O resultado de um laudo feito pelo diretor do Instituto de Engenharia Biomédica da George Washington University, James K. Hahn, é a nova aposta da defesa para tentar provocar uma reviravolta no caso Isabella Nardoni. As análises foram encomendadas pelo criminalista Roberto Podval, que defende o casal Alexandre Nardoni e Anna Carolina Jatobá, pai e madrasta da menina morta aos 5 anos, em 2008.

Marcas no pescoço
Os exames feitos pela equipe do professor americano concluíram que as marcas no pescoço da menina não foram causadas pelas mãos de Anna. Também concluíram que tampouco foram resultado de esganadura feita pelo pai da criança. Isso porque as marcas encontradas pela perícia “não são compatíveis com a morfologia das mãos de Anna e de Alexandre”. As marcas — chamadas de esquimoses puntiformes na nuca direita — não foram, segundo a perícia, feitas por mãos humanas.

Análises

Para fazer as análises, o criminalista fez moldes das mãos dos 2 acusados. O estudo da equipe do professor Hahn foi desenvolvido com base nas articulações das mãos e dos dedos. Para mostrar como chegaram a esse resultado, os peritos prepararam um relatório que será trazido por Podval para ser incluído no processo do caso.

Prisão

O casal Nardoni cumpre pena desde que, em março de 2010. O pai recebeu a pena de 31 anos; a madrasta, de 26 anos. Ambos foram condenados por homicídio qualificado — meio cruel, sem dar chance de defesa para a vítima e para assegurar a impunidade de outro crime. De acordo com a acusação, a menina teria sido espancada pela madrasta, que teria tentado sufocá-la.
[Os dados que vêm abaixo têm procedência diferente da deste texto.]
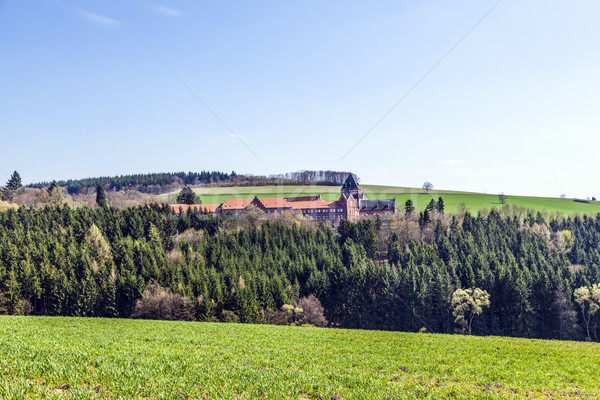 [[stock_photo]]: Paysage · église · divine · mot · ciel · bleu · printemps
Pensando que ela estava morta, o pai cortou com uma tesoura uma rede de proteção da janela de um quarto do apartamento do casal, na zona norte de São Paulo. Em seguida, Alexandre apanhou a menina e a atirou pela janela. A criança caiu no jardim do prédio.

Reviravolta nenhuma

“Opiniões e demais trabalhos eventualmente encomendados e recompensados pela parte interessada, sem desmerecer a capacidade de ninguém, foram feitos por quem nunca atuou, não tem conhecimento do conteúdo integral do processo”, apontou por meio de nota Cembranelli, que foi promotor do Júri. Segundo ele, o laudo  “não tem condições de desmoralizar o trabalho de mais de 30 de profissionais do IML/SP”. Cembranelli acrescentou a existência de várias outras perícias que justificaram a condenação dos réus.
Fonte: O Estado de S.Paulo.

Comento

Ontem toda a mídia deu um enorme espaço para essa notícia, mesmo sabendo que ela não vai dar nenhuma reviravolta no caso. Essa é mais uma prova do sensacionalismo calhorda da nossa imprensa, sempre disposta a difundir boatos para vender jornais.